Jak informowaliśmy, radni Komisji Finansów pozytywnie odnieśli się do poprawek prezydenta Kielc do tegorocznego budżetu. Choć wątpliwości nie brakowało. Największe zastrzeżenie budziło właśne dofinansowanie kwotą 2,5 miliona złotych klubu PGE Vive Kielce.
Ostateczna decyzja o przyjęciu planu finansowego zapadnie podczas czwartkowej sesji budżetowej.
Piotr Kisiel, radny Prawa i Sprawiedliwości stwierdził, że ma wątpliwości, czy klub sportowy powinien być dofinansowywany w sytuacji, kiedy pieniędzy brakuje na realizacje ważnych inwestycji drogowych .

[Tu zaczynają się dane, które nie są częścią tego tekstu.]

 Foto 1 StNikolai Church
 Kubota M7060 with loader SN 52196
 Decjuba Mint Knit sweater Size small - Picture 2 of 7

– Troszeczkę zaskoczyła nas ta propozycja, tym bardziej, że w projekcie jest kwota 1 miliona 900 tysięcy złotych przydzielona na promocję miasta przez sport dla wszystkich klubów sportowych. W tym momencie mamy zagrożonych kilka inwestycji drogowych. Dlatego mam wątpliwości, czy faktycznie jest potrzeba, aby 2,5 mln przeznaczyć na VIVE – powiedział radny.
Wątpliwości radnego PiS podziela przewodniczący kieleckiej Rady Miasta Kamil Suchański, z Projektu Świętokrzyskie.
– W budżecie kwotę 1 miliona 900 tysięcy złotych przeznaczono na promocję miasta przez sport, którą należy rozdysponować według jakiegoś klucza, chciałbym poznać ten klucz. Jutro mamy się tego dowiedzieć. Chodzę na mecze i kibicuje VIVE, ale to nie oznacza, że jak kibicujemy, to mamy wpierać bezgranicznie i na każdych warunkach – dodaje Kamil Suchański.
Ostatecznie radni Prawa i Sprawiedliwości i Projektu Świętokrzyskie wstrzymali się od głosu. Za byli – Katarzyna Zapała z Platformy Obywatelskiej i Marcin Chłodnicki z SLD. Tym samym poprawka do budżetu została przegłosowana.
Budżet Miasta na 2019 rok zakłada dochody na poziomie 1 mld 348 mln zł, wydatki to kwota 1 mld 497 mln zł, a planowany deficyt ma wynieść ponad 149 mln zł.